For graduate students or those new to a field, one of the most anticipated parts of going to conferences is meeting with other scholars from the field. Knowing that all those people – whose books you have read, lectures you have listened to, and ideas you have benefitted from – will be there is exciting. But, this is also a very anxious experience because we often don’t know how to go about meeting them! Can I really just contact them and expect them to meet with me?
In this post, I want to outline how to meet with scholars at a conference. This is from my own experience (read failure) and I would love feedback from others.
Three Types of Meetings
It is important to determine what kind of meeting you expect with the person. Failure to do so can lead to some awkward moments.
1. Meet Them – This is the easiest encounter to pull off, and the easiest to ruin. Your real desire is to meet the person, with no real need to talk to them other than to say “Hi.” Be honest, the ultimate goal is to tweet your friends that you just met “So and So!” If this is the goal, and it is OK to admit it, do not contact them about meeting while at the conference just make it happen during the conference. Here are a few ways:
1. Check the conference schedule and find a session where they are involved. If interested, attend the session and before or after walk up and introduce yourself.
2. Find them at one of the main gatherings and introduce yourself.
3. Please be careful here, this starts to border on creepy! You see them at the conference center, hotel, dinner or wherever and want to approach them. So, you follow them discretely waiting for your chance to pounce. If you choose this route, a few suggestions: remember if you are doing it so are others; in this setting they just like you are busy doing something, even if it is just leaving; and get in and get out.
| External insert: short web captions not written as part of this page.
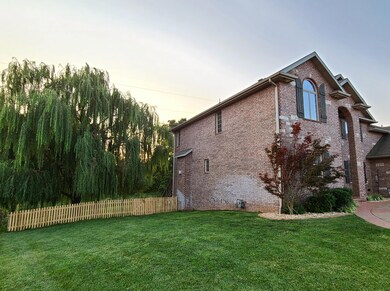 1689 N Julian (10)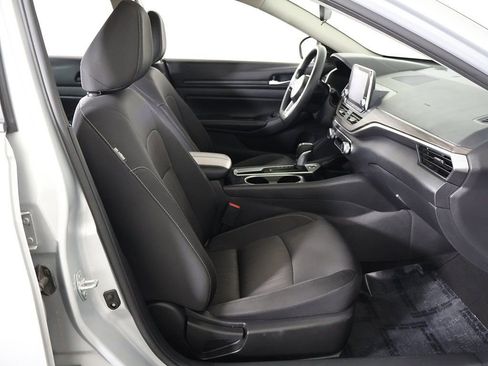 Used 2024 Nissan Altima 2.5 SV image 24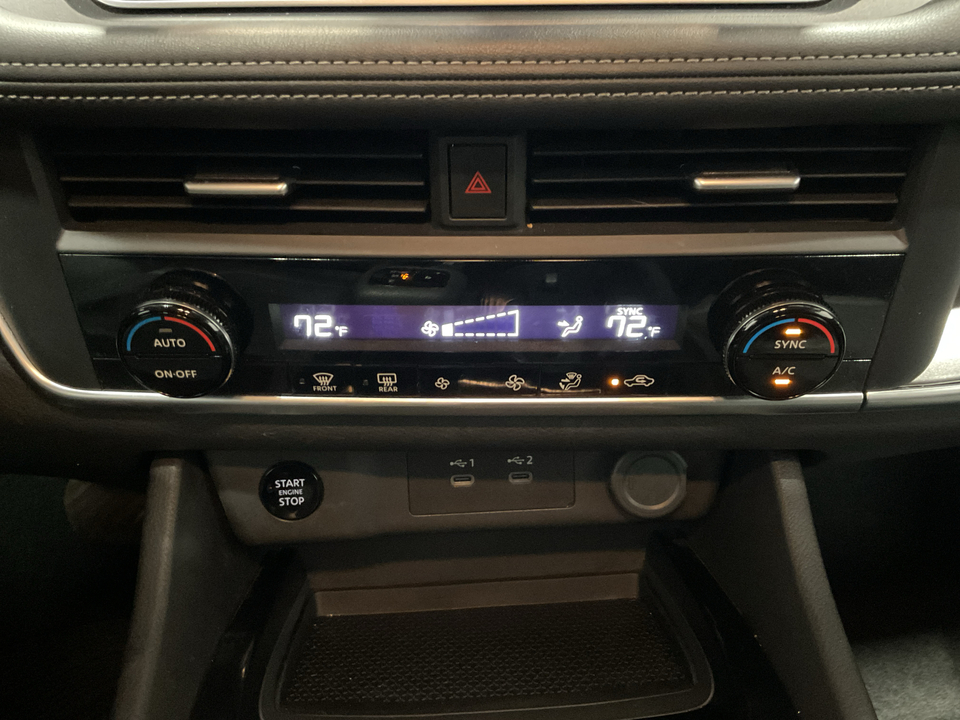 2025 Nissan Rogue SV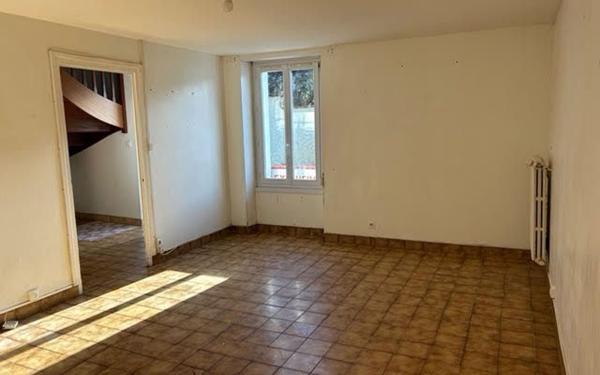 Maison à vendre    3 pièces • 105 m2 Saint-Joachim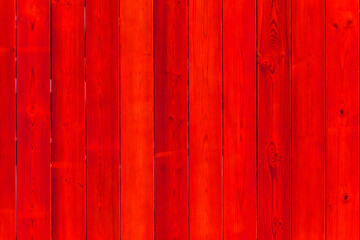 Palissade de bois rouge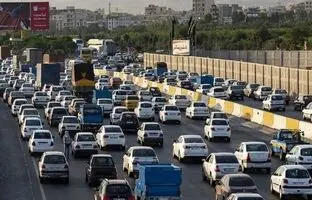 سفر به تاریخ؛ «احداث اتوبان تهران-کرج» در دهه 40؛ میدان آزادی در سال 52 + تصویر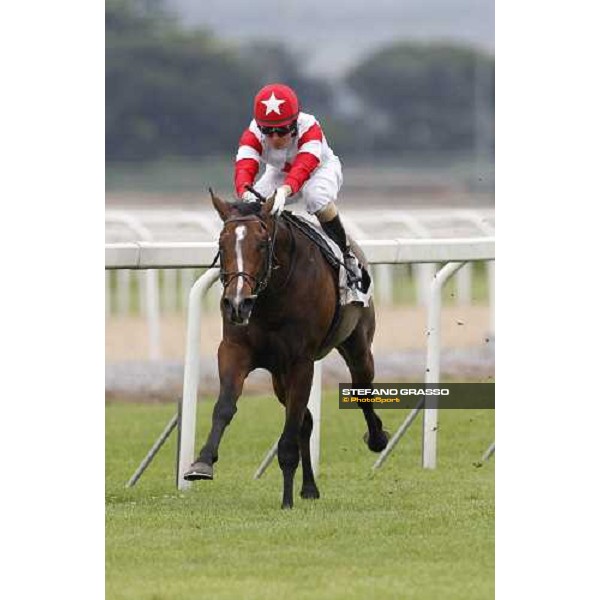 Gabriele Bietolini on Real Solution goes to win the Premio Botticelli Rome Capannelle racecourse, 29th april 2012 ph.Stefano Grasso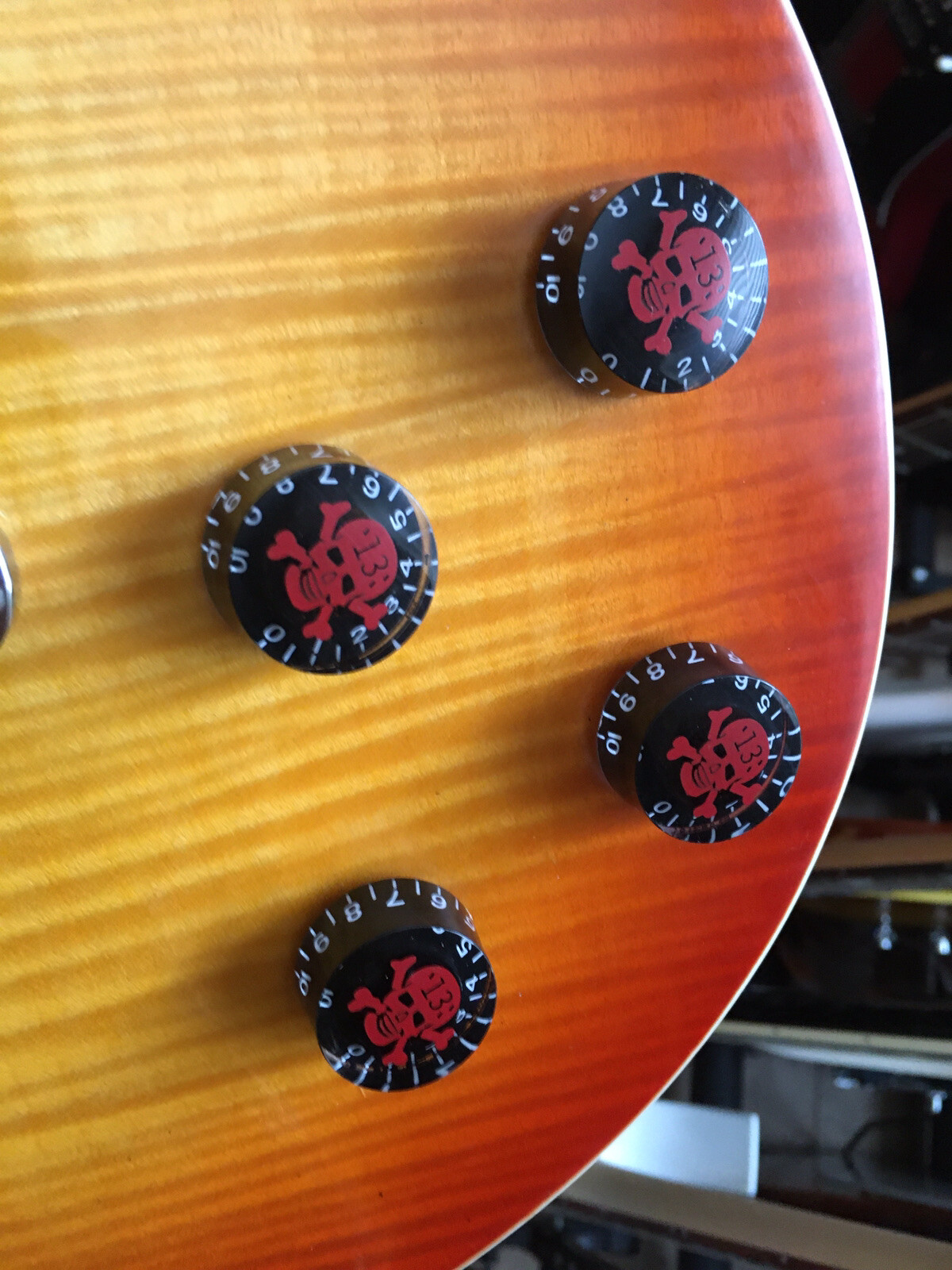 Guitar Speed Knobs Les Paul SG Epiphone Gibson Black Skulls 6mm FREE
“Meeting them” is quite easy at a conference like SBLAAR. Just understand the goal – you just want to say you met them and there is no expectation of conversation or for them to even remember you.
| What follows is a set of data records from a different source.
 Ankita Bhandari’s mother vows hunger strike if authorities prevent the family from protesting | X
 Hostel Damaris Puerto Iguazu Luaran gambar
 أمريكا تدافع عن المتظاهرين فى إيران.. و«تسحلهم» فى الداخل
2. Introduce Yourself – This level is also quite easy, but does require some planning. These people you want to talk with about your work, but only at a very basic level. For example, I am interested in the same topics or I have really benefitted from the broad scope of your work. In this encounter, your hope is not to have an in depth discussion but to open the door for further contact. Thus, you will need to do the following:
1. Contact them before the conference to set up a meeting time. This type of meeting will not take more than 30 minutes (15 minutes is probably the best).
2. Your initial contact should state you would why you want to meet (Example from an email I sent this year, “I would enjoy having the opportunity to talk about the common objections to the use of cognitive linguistics in biblical studies.”), and offer a few times that you can meet (this will show them how long you plan on meeting). Keep it short and to the point.
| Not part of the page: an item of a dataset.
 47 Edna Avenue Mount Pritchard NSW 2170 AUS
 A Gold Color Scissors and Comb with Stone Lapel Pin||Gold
3. Before the meeting, prepare a few things: first, a one-or-two sentence explanation of you interests/research; a couple of questions that will allow them to opportunity to talk; if you don’t have a business card, something that you can hand them with your contact information; and finally ask about contacting them in the future for more conversation.
4. After the conference (with SBLAAR being week of Thanksgiving wait until the next week), send a follow-up email saying thanks for the time and with your contact information one more time. Also, mention that you look forward to talking again.
“Getting introduced” is fairly easy at most conferences, but remember the point – to open up avenue for further discussion. Do not take much of their time, or try to accomplish more than getting acquainted. This has been one of my common mistakes, moving “in for the kill” to quickly. Take the long view and use these times to foster ongoing relationships.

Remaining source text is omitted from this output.